I reached out to Chaudhary to discuss his piece and perhaps explain his intention. It might shock you, dear readers, as it shocked me, to know that he replied. Chaudhary was very polite. He told me through a series of brief direct messages that he did explain the purpose of his piece to Iqra. In fact, he was not the only one to do so. Tuff FC was aware as well. Chaudhury told me that he was very surprised at the reactions as he was advised there were no problems with the piece whatsoever. The club should know better. That they didn’t recognize that the theme of the piece was potentially inflammatory and unfair to their young player is extremely worrisome.
He also said he was not aware that the family wanted to have the piece pulled. The situation did not escalate.
In fairness to Chaudhury, I don’t agree with the angle of theme but if he was encouraged to go ahead by Tuff FC, then he would submit his piece- as any journalist would. As I would have.
I am weary of and disappointed in a system that doesn’t protect young, female players or perhaps their best interest. A little bit of publicity for a football club is not worth humiliating a player. Ever.
I don’t expect journalists or teams to share the same views as me, but I demand better for Iqra Ismail. And I hope she keeps playing.

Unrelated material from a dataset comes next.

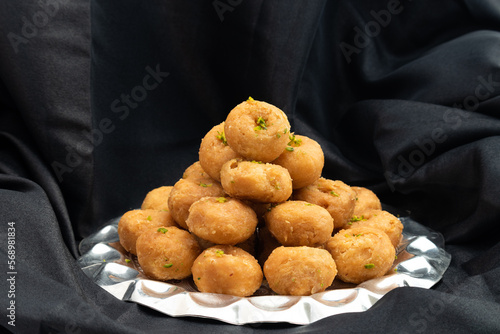 Indian Mithai Balushahi Also Called Balsaahi, Badushah, Khurmi, Glazed Doughnuts Made Of All Purpose Plain White Flour Maida, Desi Ghee, Claified Butter Drenched Soaked in Cheeni Ki Chasni Sugar Syrup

There does not seem to be enough explanation of why this young girl would want to and subsequently change her mind and drop the idea of going to Syria to marry an ISIS fighter. One can understand why she would want to play soccer. But is it a good alternative to marrying an ISIS fighter? We need to know what is the connection. Perhaps Chaudhary did not cover that but nor does the author. May be they think it is normal for any girl to want to act that way. Is it? May be!